In the longer term, the causation between wages and productivity clearly runs the other way, with increases in economy-wide labour productivity generating higher aggregate real wages. At the industry level, the picture is a little more complicated. In the short term, higher productivity growth in one industry may generate higher wages in that industry. Eventually, however, labour is mobile between industries, so that differences in wages across industries (adjusted for skill) cannot increase without bound. In the long run, even those sectors with no productivity growth must pay higher wages and thus differences in productivity growth tend to show up in relative prices, and not relative wages.

Looking forward, a critical question is whether the increase in labour productivity seen over the past three years represents a cyclical rebound or the start of a period of continuing strong productivity growth. If it is just cyclical, or a one-time level adjustment, and the pattern of the 1980s is to be repeated, then the level of labour productivity is unlikely to increase much before the end of the decade. This would have serious implications for the sort of wage increases that are consistent with maintaining a low-inflation environment.

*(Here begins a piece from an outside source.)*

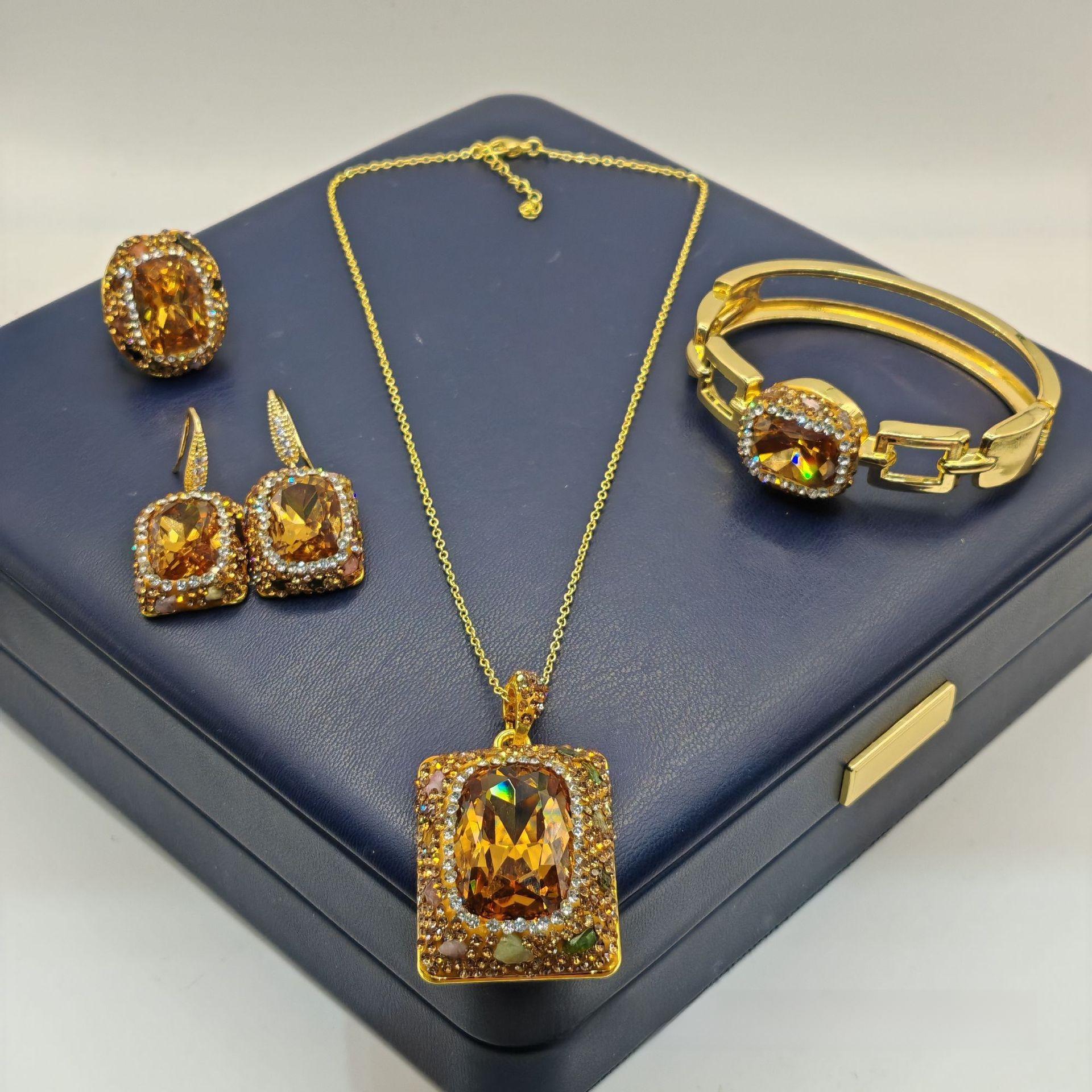 Новый хрустальный набор Французская ниша Персонализированный Высококачественный Квадратный хрусталь Четырехкомпонентный ювелирный набор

While some slowing of the recent pick-up in labour productivity growth is inevitable, there are some tentative signs that productivity growth over the 1990s is going to exceed that in the 1980s. Labour productivity is still increasing solidly three and a half years after the trough of the recession. At the equivalent point in the mid-1980s recovery, labour productivity growth had ceased. In terms of the fundamentals, the increasing competition brought about by the Hilmer Reforms and the internationalisation of the economy should have positive influences on labour-productivity growth. The dividend from past and continuing investments in computerisation and information technologies should also help underpin productivity growth. While it is difficult to predict future measurement problems, it is quite possible that they will be less severe over the second half of the 1990s, than they were over the second half of the 1980s. This is clearest in the retail industry, where much of the adjustment to deregulation of hours has been completed. In coming years, continuing improvements in technology and the move to larger stores should allow this industry to contribute positively to measured aggregate labour-productivity growth.

While picking changes in the trend rate of labour-productivity growth is a difficult task and is subject to considerable uncertainty, there is little evidence to suggest that the experience of the 1980s is the right benchmark. While the evidence is still unclear, the signs appear to be emerging of a faster rate of trend labour-productivity growth. Such an outcome is essential if both employment and real wages are to increase in a sustainable way.